We engineered five features into our Calgary model. We leveraged both ArcGIS Pro and R for this process using the Create Fishnet and Zonal Statistics as a Table tool for several of these features.

1. Land Cover: Land cover data was reclassified using ArcGIS into previous or impervious. Using zonal statistics as a table, we aggregated the land cover into fishnet cells, and whichever of the binary options was more predominant in that cell corresponded to the value of the cell.
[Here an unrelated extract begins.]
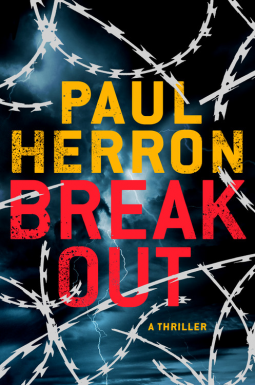 book cover for Breakout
In Calgary, there is a bit more of a random distribution whereas in Minneapolis, there seems to be more spatial clustering of pervious land types, which could be attributed to the denser urban landscape of Minneapolis in comparison.

2. Slope: Slope was calculated again in both R and ArcGIS, for each cell, the mean slope change was calculated. We chose 5% as a cut off value to determine whether the average slope was steep or not steep. While the value may be slightly arbitrary, it seemed to help our model.
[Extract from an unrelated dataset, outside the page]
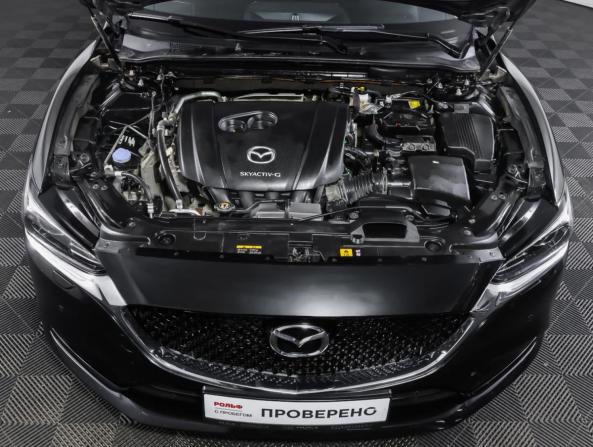 Mazda 6 III (GJ) Рестайлинг 2 с пробегом 2020 года, цена 2 334 000 рублей, 85722 км, седан, Автокод Объявления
3. Distance to Nearest Park: Parks data was found using both cities’ open data platforms. The distance in meters was calculated, and the average value in each cell was used.

4. Distance to Nearest Hydrological Feature: This process was similar to park features, as city hydrology was found using open data, and the distance in meters was calculated, and the average value in the cell was used.
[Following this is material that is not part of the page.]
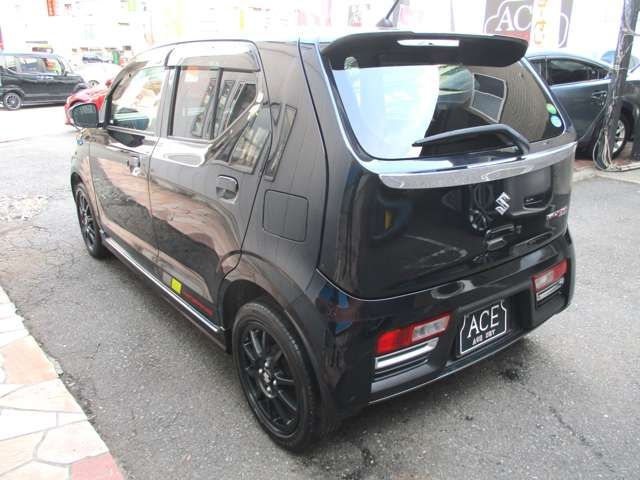 Suzuki ALTO WORKS 2018-05 184118-7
5. Flow Accumulation: Using a digital elevation model, we used the fill, flow direction, and flow accumulation tools to calculate the flow accumulation, where the maximum flow accumulation of each cell was used as the final value.

fishnet_calgary <- st_read("C:/fishnet_calgary_data.geojson") %>%
  st_transform('EPSG:3780')

fishnet_calgary$slope <- as.factor(fishnet_calgary$slope)
fishnet_calgary$impervious <- as.factor(fishnet_calgary$impervious)
fishnet_calgary$inundation <- as.factor(fishnet_calgary$inundation)
fishnet_calgary$log_flow_acc <- log(fishnet_calgary$flow_acc)
fishnet_calgary$log_flow_acc <- ifelse(fishnet_calgary$log_flow_acc <= 0, 0, fishnet_calgary$log_flow_acc)
fishnet_calgary$log_parks_dist <- log(fishnet_calgary$parks_dist)
fishnet_calgary$log_water_dist <- log(fishnet_calgary$water_dist)
fishnet_calgary$log_parks_dist <- ifelse(fishnet_calgary$log_parks_dist <= 0, 0, fishnet_calgary$log_parks_dist)
fishnet_calgary$log_water_dist <- ifelse(fishnet_calgary$log_water_dist <= 0, 0, fishnet_calgary$log_water_dist)
fishnet_calgary

fishnet_calgary.sf <- fishnet_calgary %>%
  st_as_sf()

minneapolis <- 
  st_read("C:/Flood/City_Boundary.shp") %>%
  st_transform('ESRI:102271') 

mpls_fn <- 
  st_make_grid(minneapolis, 
               cellsize = 300,
               square = TRUE) %>%
  .[minneapolis] %>%
  st_sf() %>%
  mutate(uniqueID = rownames(.))

mpls_fn_centroid <- mpls_fn %>%
  st_centroid()

# DEM
dem_mpls <- read_sf("C:/Flood/fishnet_to_dem/dem.shp") %>%
  dplyr::select(-c(dem_Rowid, dem_UNIQUE, dem_ZONE_C, dem_COUNT, dem_AREA, geometry)) %>%
  dplyr::rename(dem = dem_MAX) %>%
  st_drop_geometry()


mpls_fn_dem <- left_join(mpls_fn, dem_mpls, by = "uniqueID")

# Land Cover
#Land cover data was taken from Minnesota Land Cover Classification System (MLCCS) and cropped to the city of Minneapolis. Impervious versus pervious classification was completed in ArcGIS Pro.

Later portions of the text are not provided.